I understand that, but how faster than light avoids transfinite, or "more" than infinite, rapidity?
 
As light has infinite rapidity, in this view, there is no faster than light expansion.
 
But I thought it is proven, or at least largely believed, that space expansion is faster than light at the greatest scales. Quote from Wikipedia: "Two reference frames that are globally separated can be moving apart faster than light without violating special relativity". So rapidity ceases to be valid here?
 
Since speed = distance/time, the definition of "speed" depends on the definitions of "distance" and "time". The definitions used in special relativity do not generalize easily to the curved spacetimes of cosmology. The definitions used in cosmology are, however, easily applied in special relativity. When this done, speed turns out to rapidity!
 
Expansion is best represented by a scaling factor and not a speed. It acts as a multiplicative factor on distances. If two "comoving" points are separated by a distance of 2 light years at time t, and the distance becomes 2.1 light years at time (t+1year), then the same rate of expansion will take a distance of 200 light years to 210 light years. That's an increase of 10 light years in 1 year, or "faster than the speed of light". But any rate of expansion will have a "faster than light" increase in distance if you start with a large enough distance between points. Of course, the speed of light limit only applies to the relative speed of two objects at the same point in space, not two distant points.
 
As far as I understand it, for two distant points in space, like two far off galaxies, unless there is motion between the two relative to the expansion of space, then there is no relative rapidity or velocity between the two. I.e, you wouldn't have a Lorentz boost between their frames.
 
AlexDB9 said:
I thought it is proven, or at least largely believed, that space expansion is faster than light at the greatest scales.

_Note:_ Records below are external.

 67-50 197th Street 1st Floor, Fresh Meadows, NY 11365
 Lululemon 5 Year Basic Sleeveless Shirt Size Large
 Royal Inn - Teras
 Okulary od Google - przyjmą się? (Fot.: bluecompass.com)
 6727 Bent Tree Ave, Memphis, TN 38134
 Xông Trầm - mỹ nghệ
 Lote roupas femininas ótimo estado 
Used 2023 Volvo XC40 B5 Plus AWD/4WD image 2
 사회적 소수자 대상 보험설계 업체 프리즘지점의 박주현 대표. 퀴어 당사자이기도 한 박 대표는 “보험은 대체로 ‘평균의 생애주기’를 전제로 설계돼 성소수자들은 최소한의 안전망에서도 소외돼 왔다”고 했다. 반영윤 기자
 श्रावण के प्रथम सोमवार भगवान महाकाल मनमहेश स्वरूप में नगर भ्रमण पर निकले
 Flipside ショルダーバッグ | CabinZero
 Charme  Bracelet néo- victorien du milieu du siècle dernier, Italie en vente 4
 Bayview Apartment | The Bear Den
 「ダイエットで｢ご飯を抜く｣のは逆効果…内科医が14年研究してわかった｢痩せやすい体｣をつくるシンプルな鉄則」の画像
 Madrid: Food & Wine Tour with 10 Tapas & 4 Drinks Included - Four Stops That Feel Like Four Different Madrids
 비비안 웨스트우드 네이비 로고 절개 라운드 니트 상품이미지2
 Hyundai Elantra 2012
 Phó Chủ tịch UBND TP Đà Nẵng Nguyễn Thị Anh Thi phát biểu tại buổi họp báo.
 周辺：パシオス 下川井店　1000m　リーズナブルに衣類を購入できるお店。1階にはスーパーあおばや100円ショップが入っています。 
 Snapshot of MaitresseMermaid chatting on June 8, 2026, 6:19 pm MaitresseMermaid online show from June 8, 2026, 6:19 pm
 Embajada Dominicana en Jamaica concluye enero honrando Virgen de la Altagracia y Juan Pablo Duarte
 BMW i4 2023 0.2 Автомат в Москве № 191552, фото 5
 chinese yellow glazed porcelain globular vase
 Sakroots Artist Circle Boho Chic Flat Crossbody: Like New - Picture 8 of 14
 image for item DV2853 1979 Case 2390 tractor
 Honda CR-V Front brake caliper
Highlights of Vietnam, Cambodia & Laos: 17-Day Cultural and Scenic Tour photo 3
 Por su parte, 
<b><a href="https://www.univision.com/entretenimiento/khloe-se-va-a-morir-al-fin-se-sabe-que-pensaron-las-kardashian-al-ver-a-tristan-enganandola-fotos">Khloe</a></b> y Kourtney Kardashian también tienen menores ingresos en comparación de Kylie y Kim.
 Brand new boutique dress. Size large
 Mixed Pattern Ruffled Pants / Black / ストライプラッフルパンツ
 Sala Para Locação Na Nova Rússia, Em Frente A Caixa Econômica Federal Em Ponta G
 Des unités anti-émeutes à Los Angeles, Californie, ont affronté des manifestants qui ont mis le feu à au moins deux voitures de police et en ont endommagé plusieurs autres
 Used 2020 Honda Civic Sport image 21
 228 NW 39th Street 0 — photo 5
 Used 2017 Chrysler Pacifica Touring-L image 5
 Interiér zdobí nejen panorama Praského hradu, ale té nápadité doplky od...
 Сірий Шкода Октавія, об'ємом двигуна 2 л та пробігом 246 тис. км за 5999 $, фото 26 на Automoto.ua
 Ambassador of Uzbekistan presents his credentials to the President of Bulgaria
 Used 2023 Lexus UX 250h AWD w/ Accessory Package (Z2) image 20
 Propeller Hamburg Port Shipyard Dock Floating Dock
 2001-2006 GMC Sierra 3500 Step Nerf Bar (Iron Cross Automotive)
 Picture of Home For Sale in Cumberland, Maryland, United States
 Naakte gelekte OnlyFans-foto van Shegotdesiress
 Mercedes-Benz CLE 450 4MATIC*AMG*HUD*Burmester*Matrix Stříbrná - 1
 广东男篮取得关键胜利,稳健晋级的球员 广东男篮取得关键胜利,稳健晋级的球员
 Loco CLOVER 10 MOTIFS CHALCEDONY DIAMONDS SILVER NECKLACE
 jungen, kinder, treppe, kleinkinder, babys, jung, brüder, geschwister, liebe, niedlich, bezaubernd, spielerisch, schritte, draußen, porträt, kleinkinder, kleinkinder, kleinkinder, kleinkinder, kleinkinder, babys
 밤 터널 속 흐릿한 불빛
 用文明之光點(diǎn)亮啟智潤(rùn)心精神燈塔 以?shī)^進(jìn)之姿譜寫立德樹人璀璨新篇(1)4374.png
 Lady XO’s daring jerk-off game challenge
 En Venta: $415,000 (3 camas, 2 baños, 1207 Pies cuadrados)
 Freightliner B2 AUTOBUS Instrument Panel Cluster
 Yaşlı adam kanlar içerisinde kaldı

While this phrasing is common, it's misleading. The easiest way to see how it's misleading is to observe that, by this definition of "faster than light", light itself can move faster than light! That is, if we take a galaxy that is further from us than our current Hubble radius, so that it is moving away from us "faster than light", and look at light emitted by this galaxy in the direction away from us, the galaxy will not "outrun" the light; the light will "outrun" the galaxy, i.e., it will move away from us faster than the galaxy itself does. So nothing actually moves faster than light in any invariant sense; no object outruns a light beam in its local vicinity.